Problem: If you call pyb.USB_HID().recv(...) before the USB device is enumerated by the host, a null pointer is dereferenced and hard fault results immediately.

This happens because the HID interface object is not initialized: usb_device.usbd_cdc_msc_hid_state.hid and in particular usb_device.usbd_cdc_msc_hid_state.hid.usbd are zeros.

The init should happen:

• when the device is enumerated (SetConfig chapter 9 code) in USBD_SetClassConfig
• calls USBD_CDC_MSC_HID_Init which calls usbd_cdc_state_init
• I could not find any other paths that might initialize the usbd field in particular; the other fields are also wrong, such as defaulting to dev_speed == USBD_SPEED_HIGH even on my board which can't do high speed, because USBD_SPEED_HIGH is zero.

The null de-ref happens inside USBD_HID_ReceivePacket(&hid->base...) when called by usbd_hid_rx() and it only gets that far (thinking that zero bytes have been received already) because it looks at the un-initialized usbd_hid_itf_t *hid and sees zero for hid->report_in_len rather than USBD_HID_REPORT_INVALID which would be more appropriate in this state.
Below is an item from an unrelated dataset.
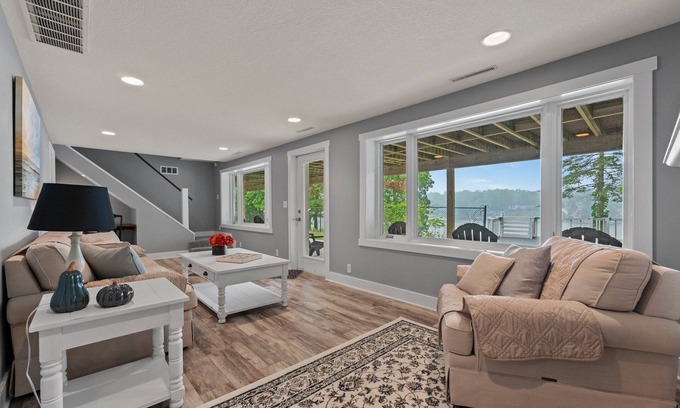 Columbia City Casa | Bienvenido al lago! Lake Cottage completamente remodelado con una vista que no se puede superar.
My workaround, on ports/stm32/usbd_hid_interface.c:

--- a/ports/stm32/usbd_hid_interface.c
+++ b/ports/stm32/usbd_hid_interface.c
@@ -49,7 +49,7 @@ int8_t usbd_hid_receive(usbd_hid_state_t *hid_in, size_t len) {
 int usbd_hid_rx(usbd_hid_itf_t *hid, size_t len, uint8_t *buf, uint32_t timeout_ms) {
     // Wait for an incoming report
     uint32_t t0 = mp_hal_ticks_ms();
-    while (hid->report_in_len == USBD_HID_REPORT_INVALID) {
+    while (hid->report_in_len == USBD_HID_REPORT_INVALID || !hid->base.usbd) {
         if (mp_hal_ticks_ms() - t0 >= timeout_ms || query_irq() == IRQ_STATE_DISABLED) {
             return -MP_ETIMEDOUT;
         }
@@ -62,6 +62,7 @@ int usbd_hid_rx(usbd_hid_itf_t *hid, size_t len, uint8_t *buf, uint32_t timeout_
 
     // Schedule to receive next incoming report
     hid->report_in_len = USBD_HID_REPORT_INVALID;
+    assert(hid->base.usbd);
     USBD_HID_ReceivePacket(&hid->base, &hid->report_in_buf[0]);

I can't explain why this bug isn't seen more often, but I think what was covering it for me was that pyb_usb_dev_init() gets called after the end of boot.py and so was defaulting to VCP+HID+MSC but I've recently changed things so that USB doesn't get enabled until sometime much later in main.py (ie. I called pyb.usb_mode(None) in boot.py) and that initialized the composite USB device as "VCP+HID". I suspect something in the code path for the MSC setup initializes the HID interface state before enumeration, but I can't confirm that.